After evaluating Dura’s response, Hue did not accept that Dura had shown cause and served Dura with a notice under clause 44.4 of the Contract taking the whole of the remaining works out of Dura’s hands.

Arguments

Before Justice Dixon, Dura’s key argument was that the show cause notices were invalid on the basis that they were confusing and did not identify with sufficient detail the substantial breaches alleged. Dura contended that it was unreasonable of Hue to serve a notice that was “confusing, prolix and obtuse” and that, as a result, Hue had breached an implied term to act reasonably when giving notice to show cause under the Contract.

Decision

The Court found in favour of Hue and held that Dura had been in substantial breach of the Contract and that the show cause notices served by Hue were valid. Justice Dixon also found that when Hue gave notice to Dura taking the remaining works out of its hands, it had acted properly in accordance with the rights and obligations arising under the Contract.

Requirements of a valid Show Cause Notice

The Court found that the Contract required the Principal to name expressly the alleged substantial breach. It did not require the Principal to detail or particularise each matter constituting the default. His Honour referred with approval to an English case where it was held that a show cause notice must “direct the contractor’s mind to what is amiss”1. The Court emphasised that the process of showing cause under clause 44 requires communication as opposed to rectification. In contrast, a notice to remedy default, which requires, for example, a contractor to rectify certain defects, would require a default notice to specify the precise details of each defect alleged. Justice Dixon drew a distinction between the level of detail required for “self-executing” default notices and show cause notices.2

Ultimately, His Honour held that imposing a requirement that Hue particularise each specific item in respect of which Dura failed to comply with directions of the Superintendent “put too highly the requirement, under clause 44.3(b), that the notice specify the alleged substantial breach”.3

Was there an implied term that Hue act reasonably in issuing a show cause notice?

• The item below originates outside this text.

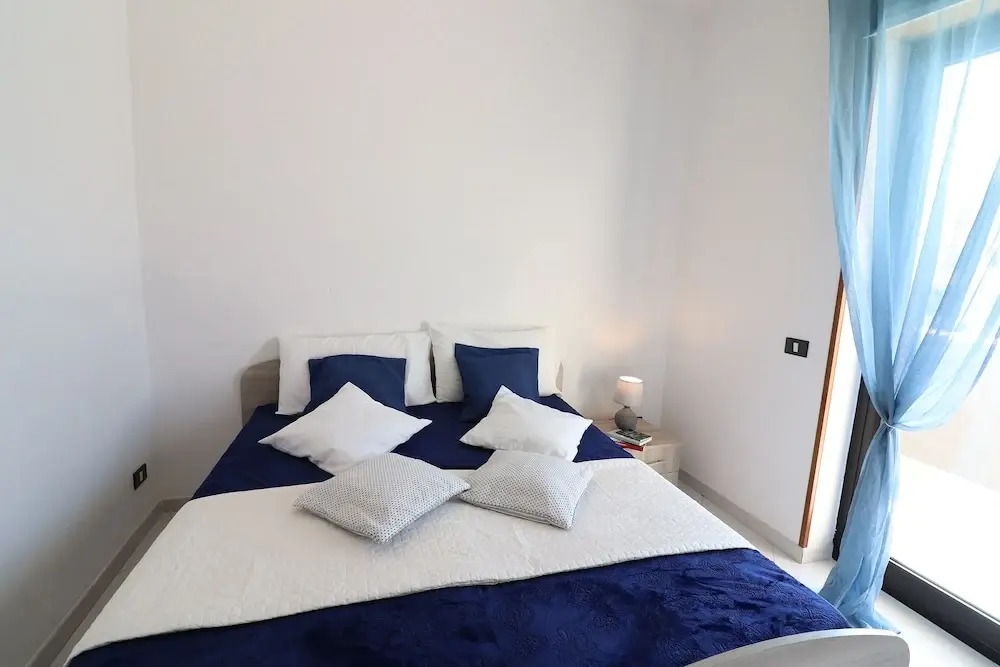 Gi Otranto holiday home for 6 people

The Court found it was unnecessary to imply the term to give business efficacy to the Contract. Instead, Hue was required to determine honestly whether the Contractor had committed a substantial breach of contract.

The approach taken by the Victorian Supreme Court differs to that of the New South Wales Supreme Court where an implied term of reasonableness has been found when the Principal is issuing a show cause notice.4

Evaluating the response

In assessing a Contractor’s response to a show cause notice, the Principal must make its decision honestly and in good faith but the decision cannot be set aside because it might be unreasonable or one which serves only the interests of the Principal.5

Here, there was no evidence to suggest that Hue had acted with improper purpose. The Court found that Hue had made an honest and careful determination that Dura had failed to show reasonable cause.

Conclusion

Following this decision, a show cause notice must comply with the requirements of the contract under which it is issued and convey to the reader what is amiss. An issuer does not need to provide detailed particulars of each matter constituting default. Importantly, the type of breach of contract and response to be given by the Contractor (including whether it is a notice to show cause, as opposed to a notice to rectify) will inform the level of the detail that is required.

Unlike New South Wales, in Victoria, AS2124-1992 contains no implied term of reasonableness when issuing a show cause notice or evaluating whether cause has been shown. Something principals and contractors with projects in each jurisdiction should bear in mind when issuing or responding to a show cause notice.